Dam in the River Rotte
Rotterdam does not start to develop into the main port of the Netherlands until the nineteenth century. At the time, its port has already existed for centuries. By around the year 1250, a dam is constructed in the estuary of the Rotte peat river. At this dam, freight is transferred from river boats onto coasters: these are the beginnings of the Port of Rotterdam. In the sixteenth century, Rotterdam develops into a major fishing port. Although the city is subsequently involved in colonial expeditions, Rotterdam never becomes the centre of colonial trade: the port is silted up, which obstructs its access from the sea. Furthermore, the main financiers and entrepreneurs are located in Amsterdam.
In the second half of the nineteenth century, the port is expanded ever further, especially with a view to profiting from the emerging industry in the German Ruhr area. Under the direction of hydraulic engineer Pieter Caland (1826-1902), the dunes near Hoek van Holland are cut and a new connection to the port is dug. This Nieuwe Waterweg [New Waterway] vastly improves access to Rotterdam from the sea. In the actual port, new port basins are constructed. Machinery such as steam cranes enables more efficient loading and unloading. Inland vessels, trucks, and freight trains transport products at greater speeds.
Post-war reconstruction and expansion
During World War II, bombing severely damages nearly half of the port. Restoration of the Port of Rotterdam is given top priority in the post-war reconstruction of the Netherlands. Subsequently, the port grows at a rapid pace, in part as a result of the reviving trade with Germany.
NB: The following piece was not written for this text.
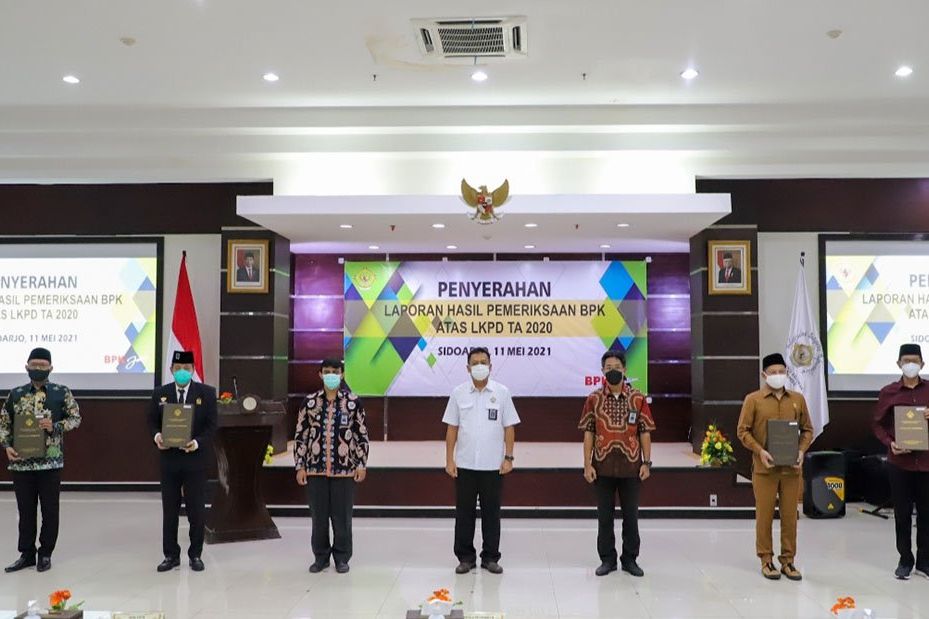 Pertahankan Opini WTP 9 Kali Berturut-turut, BPK Beri Pemkot Surabaya LHP LKPD 2020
In the 1950s, expansion is already in order: the Eemhaven and Botlek areas date from those days. In 1962, the Port of Rotterdam becomes the largest port in the world. The Europoort area is completed in 1964, and in 1966, the first cargo container is unloaded in Rotterdam. In these huge, steel containers, break bulk cargo can be transported simply and safely, which enables large-scale loading and unloading. The port continues to grow: the Maasvlakte I and Maasvlakte II extensions are completed in 1973 and 2013.
As a result of globalisation, worldwide freight transport is increasing. This means that competition is also growing: in 2004, Rotterdam loses its status as the world’s largest port. The Dutch government sets great store by maintaining Rotterdam’s competitive position, because the port is a key hub in the foreign trade network. In 2007, the Betuwe Route is opened, a railway line solely intended for freight transport between Rotterdam and Germany.
However, this unrestrained growth also raises a wide range of questions and protests. People are concerned about the port’s role in diverting drugs, about safety risks, and about the impact that the expanded port area has on the natural environment. In addition to the economic impact of the growing port, another issue is how the port can be future-proofed.